Chichester District Council has approved the demolition of a Edwardian building despite objections from The Victorian Society.
An application to demolish Apuldram House, in Dell Quay Road, was given the nod by members of the planning committee on Wednesday (December 6).
The six-bedroom property and a former stable block which is now used as a garage, will be replaced with a six-bedroom brick and flint home and another garage.
Apuldram House sits in the Dell Quay Conservation Area.
It was built by architect Temple Moore between 1900 and 1902 and is considered to be a non-designated heritage asset.
This essentially means that it is recognised as having a degree of significance but does not meet the criteria to have the planning protection placed on heritage assets.
In a strong objection to the council, a spokesman for The Victorian Society described Temple Moore as ‘an important architect of the late Gothic Revival’ and the house itself as ‘a significant historic building’.
They added: “In light of the building’s clear historic and architectural interest, we would strongly urge the council to serve a Building Preservation Notice on its owner.
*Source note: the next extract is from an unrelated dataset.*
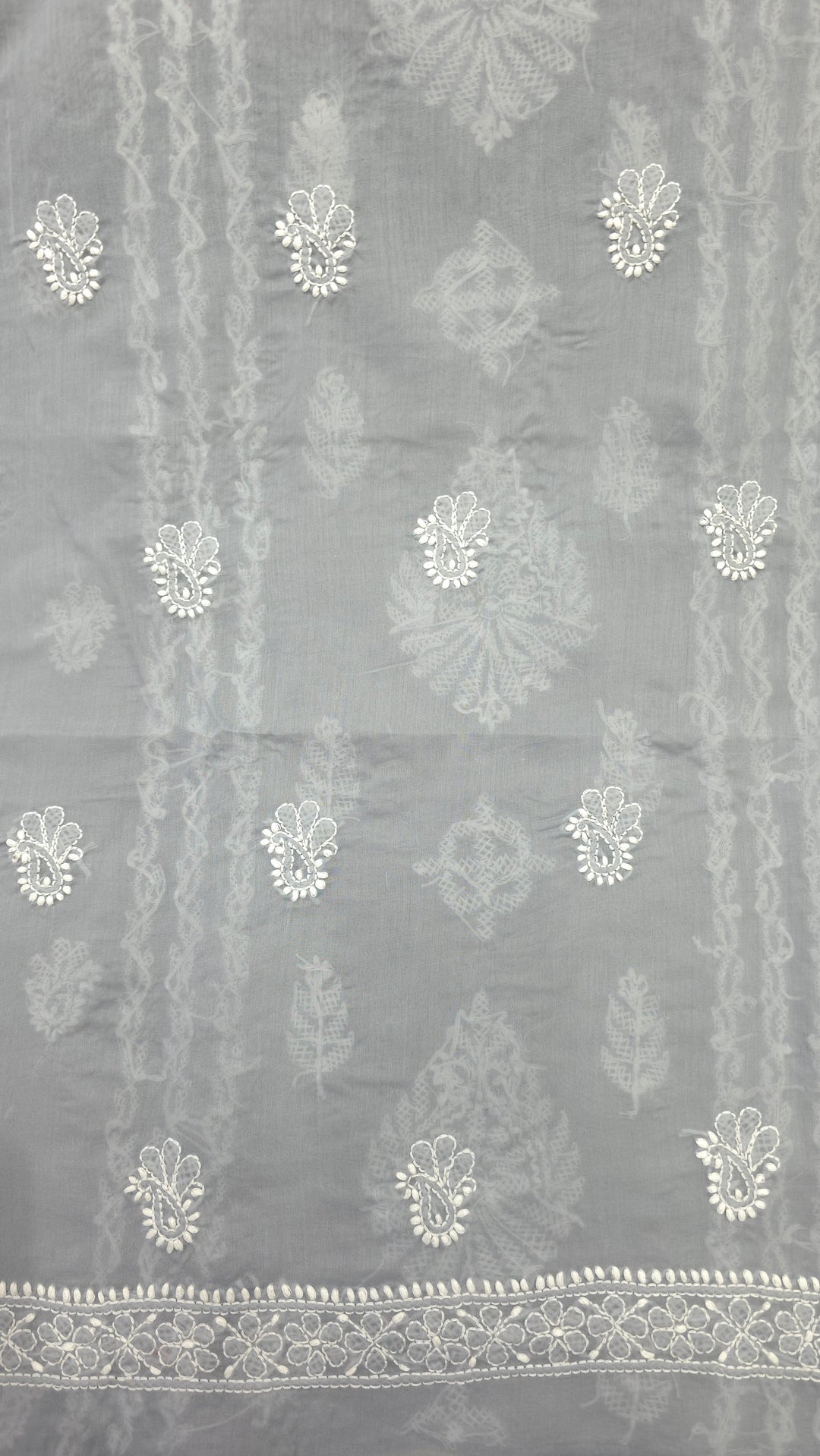 Paridhan Chikan Premium Handcrafted Chikankari Cotton Suit Set | Unstitched Dress Material with Chiffon Dupatta | Made in Lucknow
“This would safeguard the building from any alteration until such time as Historic England is able to consider whether it merits inclusion on the national list.”
But the house had few champions at the meeting.
Officers recommended that the application to demolish it and the garage be permitted, stating: “The significance, character and appearance of the house and former stable block as a grouping has been harmed by unfortunate and inappropriate alterations, some of which are not readily reversible.
“These, along with its assertive appearance in the Area of Outstanding Natural Beauty, and within views from the Fishbourne Channel are considered to be detrimental to the character of the conservation area and
have reduced the quality of the building in terms of its visual contribution as an non-designated heritage asset.”
A statement from leader Adrian Moss said the design of the new house would be ‘much more in keeping with the harbour and would be less intrusive in the landscape’.
Pointing to the applicant’s desire to reduce the carbon footprint on their land, he added: “On balance, the cost of decarbonising this house would not be viable and a new development that will considerably reduce the visibility of the property and enable a highly environmental design with a reduced carbon footprint property to be developed is important.”